Exercise instructions » In the records below, find the line with "Instagram has launched" and the line with "Snowball cookies, super". Print both exactly, along with every line between them, and no other line.

Source data »
· · · · · · ·
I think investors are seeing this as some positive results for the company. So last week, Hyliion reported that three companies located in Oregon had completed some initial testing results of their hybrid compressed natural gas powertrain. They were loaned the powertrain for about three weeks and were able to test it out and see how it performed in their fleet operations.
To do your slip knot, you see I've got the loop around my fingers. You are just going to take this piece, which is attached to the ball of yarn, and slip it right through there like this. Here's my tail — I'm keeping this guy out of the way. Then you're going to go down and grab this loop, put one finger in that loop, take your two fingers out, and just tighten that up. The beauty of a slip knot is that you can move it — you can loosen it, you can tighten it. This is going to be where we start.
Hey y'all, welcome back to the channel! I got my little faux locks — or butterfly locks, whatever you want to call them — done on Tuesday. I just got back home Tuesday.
· · · · · · ·
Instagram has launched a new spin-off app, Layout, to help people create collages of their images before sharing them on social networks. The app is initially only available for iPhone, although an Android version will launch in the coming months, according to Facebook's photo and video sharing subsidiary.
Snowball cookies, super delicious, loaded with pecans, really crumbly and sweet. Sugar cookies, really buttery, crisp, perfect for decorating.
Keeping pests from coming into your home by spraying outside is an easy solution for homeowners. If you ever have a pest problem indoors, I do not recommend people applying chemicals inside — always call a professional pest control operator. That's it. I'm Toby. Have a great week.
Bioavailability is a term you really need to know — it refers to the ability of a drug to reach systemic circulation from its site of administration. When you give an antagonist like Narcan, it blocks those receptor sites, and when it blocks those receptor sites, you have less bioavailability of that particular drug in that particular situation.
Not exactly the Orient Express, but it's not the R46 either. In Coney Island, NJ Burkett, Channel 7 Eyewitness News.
· · · · · · ·
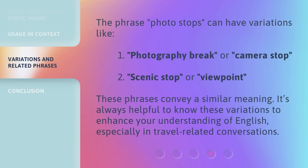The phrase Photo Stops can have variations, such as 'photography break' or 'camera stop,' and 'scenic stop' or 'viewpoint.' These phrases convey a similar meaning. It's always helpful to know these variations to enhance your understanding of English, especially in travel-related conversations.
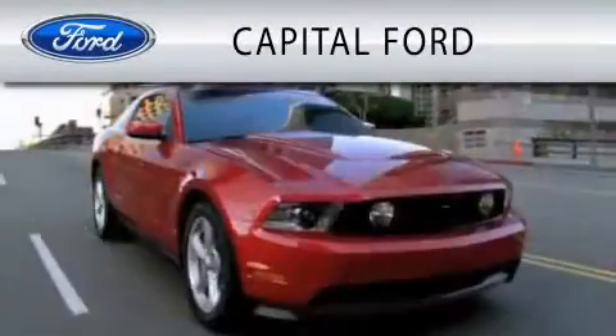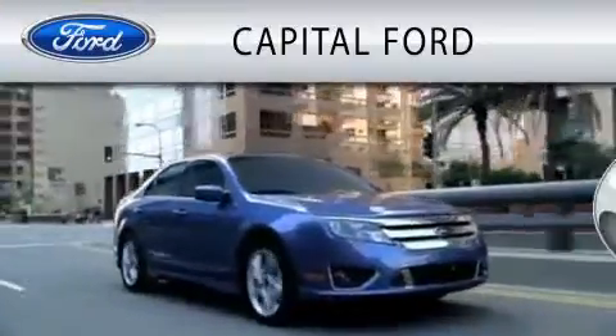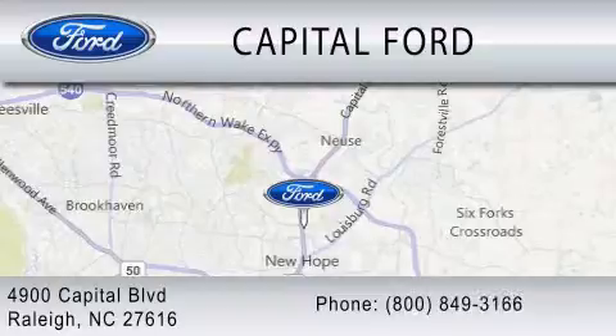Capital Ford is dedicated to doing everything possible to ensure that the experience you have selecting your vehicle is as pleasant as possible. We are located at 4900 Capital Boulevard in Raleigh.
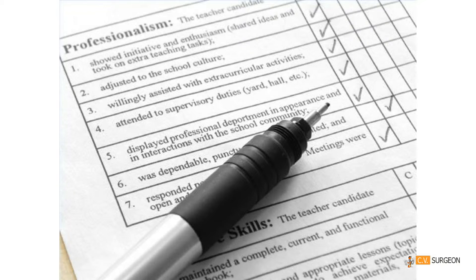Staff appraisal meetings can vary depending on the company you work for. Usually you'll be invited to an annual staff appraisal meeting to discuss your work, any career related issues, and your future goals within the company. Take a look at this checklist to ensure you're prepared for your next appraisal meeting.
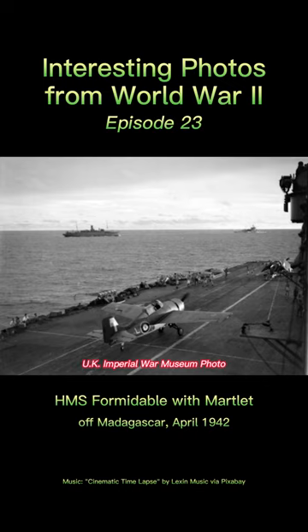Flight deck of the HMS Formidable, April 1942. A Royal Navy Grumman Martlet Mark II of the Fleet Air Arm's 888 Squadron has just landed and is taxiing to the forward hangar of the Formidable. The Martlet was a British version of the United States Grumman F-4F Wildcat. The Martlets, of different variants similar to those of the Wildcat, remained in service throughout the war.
· · · · · · ·
Solution below »
Instagram has launched a new spin-off app, Layout, to help people create collages of their images before sharing them on social networks. The app is initially only available for iPhone, although an Android version will launch in the coming months, according to Facebook's photo and video sharing subsidiary.
Snowball cookies, super delicious, loaded with pecans, really crumbly and sweet. Sugar cookies, really buttery, crisp, perfect for decorating.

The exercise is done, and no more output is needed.